How To Prepare and Eat a Whole Artichoke

Artichokes were on super sale at Sprouts this past weekend, so I threw one into my cart without having any idea as to how I would prepare it.  
I decided to cook it up on Sunday evening to enjoy with some wine as a nice appetizer before dinner - one last relaxing evening before going back to the real world on Monday!

With a little help from the internet and Pinterest, I settled on a method that seemed doable and tasty.  The process was really simple, and the fresh artichoke tasted delicious.  I will definitely be buying more of them in the future!

I started prepping my artichoke by cutting off the whole stem so that the bottom was flat and I could stand it up.  I then sliced off a good 1-2 inches at the top.  Apparently some people also trim off the little thorns with kitchen scissors so that they don't get poked, but I skipped that step and just decided to be careful.  Once cooked, the thorns soften and don't really pose a threat, anyway.  

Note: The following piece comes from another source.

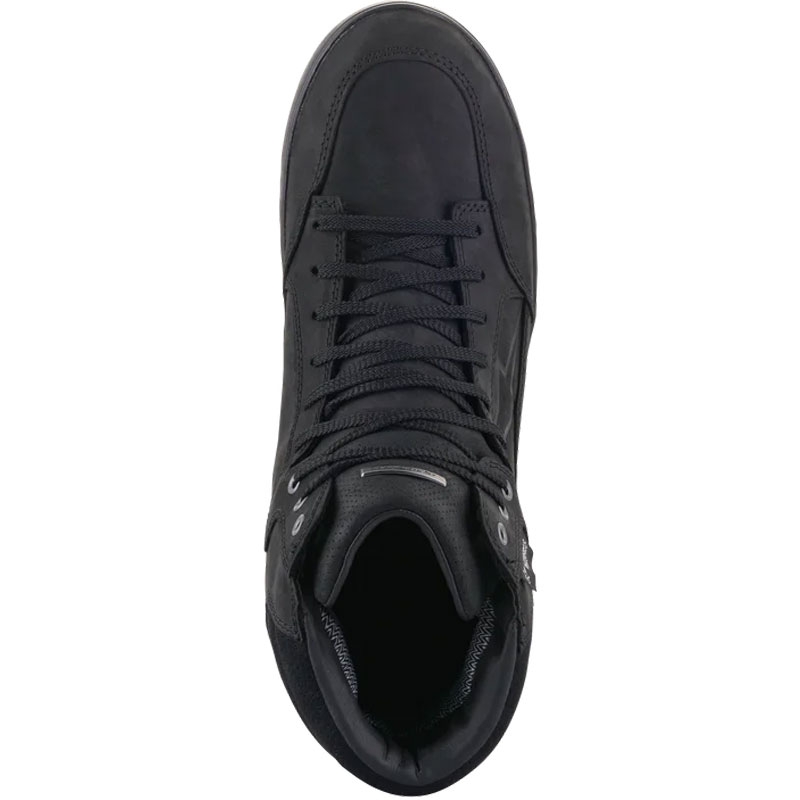 Wodoodporne buty motocyklowe Alpinestars J-6 w kolorze czarnym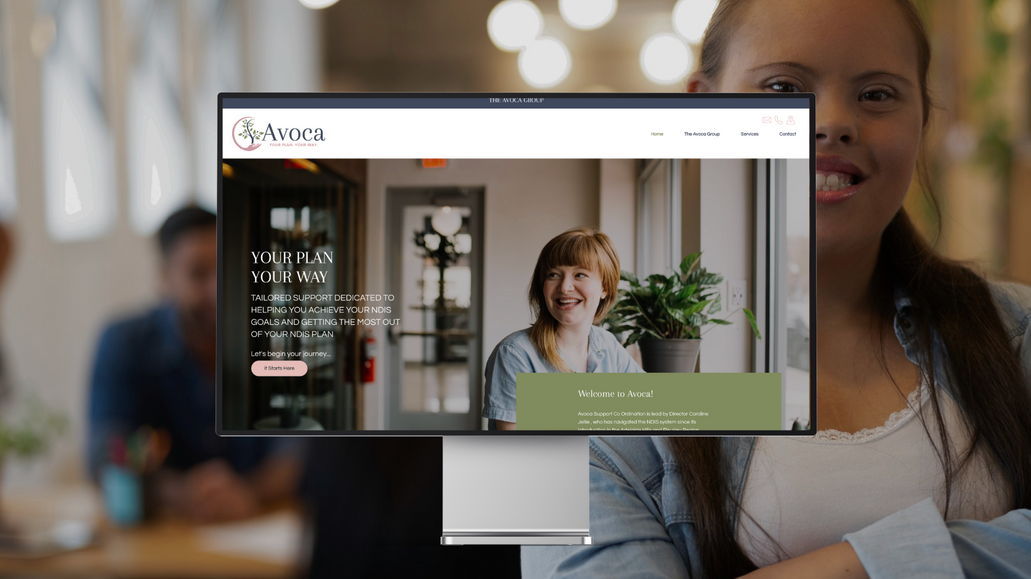 The Avoca Group: NDIS SUPPORT COORDINATION
Branding | Website | Marketing Materials | Mount Barker, South Australia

I rinsed off the artichoke, rubbed down the top with a slice of lemon, and squeezed a little extra juice in between the leaves.  I heard that this helps to preserve the green color (plus I just love lemon juice).  
Next, I filled a pot with about 2-3 inches of water and added in 2 cloves of garlic, 1 bay leaf, and the juice of half a lemon. I stood the artichoke up in the pot and put on the lid.  Then, I brought the water to a boil and simmered gently for 30 to 40 minutes, until the leaves pulled off easily.  
To eat the artichoke, just pull off the leaves one at a time and use your teeth to scrape off the soft part of the petal.  I made a dipping sauce out of some mayo, balsamic vinegar, lemon juice, and fresh ground pepper.  I didn't really measure but used roughly equal parts of the first three ingredients.  It was so good!  I've also heard of people dipping the leaves in butter, or an olive oil/vinegar combo would probably work well.  
Once all the petals have been removed, use a knife or spoon to scrape out and discard the inedible fuzzy part (called the "choke").
The remaining bottom of the artichoke is the best part - the heart. You can cut it up like a little baby steak, dip it in your sauce, and eat.

I can't wait to make this again!  It was the perfect healthy appetizer.